Wednesday, May 17, 2017

William Baumol and Equilibrium Imbalance

Among the more notable economists from the 20th century, William Baumol is at the top of the list. It's a shame Baumol didn't win a Nobel prize, and he will be greatly missed. In recent years, I've come to realize how the "cost disease" which bears his name, is important for my own "work path", as well. Could purposeful activity along the margins of general equilibrium, help to overcome economic stagnation?

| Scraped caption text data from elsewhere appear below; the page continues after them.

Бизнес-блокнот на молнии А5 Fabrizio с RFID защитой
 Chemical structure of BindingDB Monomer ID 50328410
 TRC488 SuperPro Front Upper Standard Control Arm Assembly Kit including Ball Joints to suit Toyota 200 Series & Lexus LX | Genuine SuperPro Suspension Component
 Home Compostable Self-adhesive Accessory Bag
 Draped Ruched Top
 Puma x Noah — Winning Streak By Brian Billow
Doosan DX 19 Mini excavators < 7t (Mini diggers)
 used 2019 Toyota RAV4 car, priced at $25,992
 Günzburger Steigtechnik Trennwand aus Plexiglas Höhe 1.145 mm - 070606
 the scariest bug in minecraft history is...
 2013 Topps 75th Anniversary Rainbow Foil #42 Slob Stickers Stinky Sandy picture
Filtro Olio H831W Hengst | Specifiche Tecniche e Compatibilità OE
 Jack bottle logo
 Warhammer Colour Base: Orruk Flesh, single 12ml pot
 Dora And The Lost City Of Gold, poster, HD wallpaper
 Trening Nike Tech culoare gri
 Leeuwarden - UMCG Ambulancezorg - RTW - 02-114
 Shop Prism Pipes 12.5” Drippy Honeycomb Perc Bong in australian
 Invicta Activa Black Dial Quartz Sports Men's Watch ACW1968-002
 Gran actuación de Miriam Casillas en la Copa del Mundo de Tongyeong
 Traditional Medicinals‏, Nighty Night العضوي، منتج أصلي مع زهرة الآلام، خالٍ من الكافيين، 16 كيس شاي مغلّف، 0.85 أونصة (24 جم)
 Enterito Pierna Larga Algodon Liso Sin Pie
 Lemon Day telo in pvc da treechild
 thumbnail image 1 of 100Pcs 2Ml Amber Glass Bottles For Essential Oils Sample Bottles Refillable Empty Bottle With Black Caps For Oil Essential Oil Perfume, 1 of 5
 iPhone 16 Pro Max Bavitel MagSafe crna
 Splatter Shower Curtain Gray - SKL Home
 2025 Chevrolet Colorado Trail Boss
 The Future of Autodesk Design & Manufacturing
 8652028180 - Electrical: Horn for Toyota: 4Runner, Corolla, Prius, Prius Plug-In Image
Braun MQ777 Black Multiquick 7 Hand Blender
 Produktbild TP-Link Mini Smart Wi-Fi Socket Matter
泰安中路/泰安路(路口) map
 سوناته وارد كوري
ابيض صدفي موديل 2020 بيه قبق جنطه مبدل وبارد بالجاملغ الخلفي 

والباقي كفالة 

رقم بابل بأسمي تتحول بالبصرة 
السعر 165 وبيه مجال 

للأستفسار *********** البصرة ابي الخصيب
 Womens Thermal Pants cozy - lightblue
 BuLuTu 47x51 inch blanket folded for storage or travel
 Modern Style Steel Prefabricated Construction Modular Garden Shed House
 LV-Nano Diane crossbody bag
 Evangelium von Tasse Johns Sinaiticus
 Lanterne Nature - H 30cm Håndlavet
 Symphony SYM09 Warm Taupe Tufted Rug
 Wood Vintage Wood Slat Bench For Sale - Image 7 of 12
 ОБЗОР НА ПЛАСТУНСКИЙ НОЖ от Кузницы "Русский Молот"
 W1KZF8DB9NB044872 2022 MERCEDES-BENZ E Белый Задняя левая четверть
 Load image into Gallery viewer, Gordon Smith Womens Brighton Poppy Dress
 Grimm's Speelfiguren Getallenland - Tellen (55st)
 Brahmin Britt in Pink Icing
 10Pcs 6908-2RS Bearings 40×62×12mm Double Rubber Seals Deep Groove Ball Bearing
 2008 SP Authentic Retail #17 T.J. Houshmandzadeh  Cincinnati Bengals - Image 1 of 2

Yet perhaps it is fitting, how Baumol's confidence in the present day economy, prevented him from dwelling too extensively on this "unsolvable" problem. He highlighted the intractable nature of the cost disease fifty years ago, in Macroeconomics of Unbalanced Growth: The Anatomy of Urban Crisis. Here, I'll borrow Dietrich Vollrath's version of a quote from Baumol's paper, as it neatly condenses some of what I wish to emphasize:
If productivity per man hour rises cumulatively in one sector relative to its rate of growth elsewhere in the economy, while wages rise commensurately in all areas, then relative costs in the nonprogressive sectors must inevitably rise, and these costs will rise cumulatively and without limit...Thus, the very progress of the technologically progressive sectors inevitably adds to the costs of the technologically unchanging sectors of the economy, unless somehow the labor markets in these areas can be sealed off and wages held absolutely constant, a most unlikely possibility. We then see that costs in many sectors of the economy will rise relentlessly, and do so for reasons that are for all practical purposes beyond the control of those involved...If their relative outputs are maintained, an ever increasingly proportion of the labor force must be channeled into these activities and the rate of growth must be slowed correspondingly.
First, it's probably a good idea to note some variations in language use. Baumol refers to services (which include time as final product) as nonprogressive sectors, versus the labour included in tradable sectors as progressive sectors. Recall that Adam Smith, for instance, simply referred to the labour output of services (with no tangible product) as unproductive labour, as opposed to the productive labour of tradable product. However, common designations in these discussions, tend to focus on tradable sector versus non tradable sector outcomes, rather than emphasizing aspects of labour such as quantity or purpose. Regarding tradable and non tradable sector activity in this context, Dietrich Vollrath noted in (the above linked) "Understanding the Cost Disease of Services", the Balassa/Samuelson effect, where he writes:
For my money, the biggest insight Baumol had was to notice the differential in how labor matters to production in goods and services. The subsequent logic, by itself, is not a major breakthrough. The Balassa/Samuelson effect - developed by those authors in articles published in 1964 - is the same idea. They distinguish between tradable and non-tradable goods, rather than goods and services per se, and they are thinking about a cross-sectional comparison of countries, rather than one country in time, but the outcome is identical. Countries that are very productive in tradable goods will tend to have high aggregate price levels (an empirical regularity known as the "Penn effect"), as that productivity drives up costs in their non tradable sectors.
Vollrath added that labels matter, because after all, Baumol's cost disease is a result of incredible affluence. He reasons that given this reality, affluence as such doesn't need a "cure". So far as labels are concerned, it also helps to distinguish the aspects of non tradable sector activity which are more closely correlated with time based product. To this end, I've included primary and secondary market categories, by which to further distinguish labour functions in their wealth creation roles. Among the reasons this distinction helps me, is that real estate as a "nonproductive" feature, occurs for different reasons and includes different sets of dynamics, than the time based productivity issues of healthcare and education.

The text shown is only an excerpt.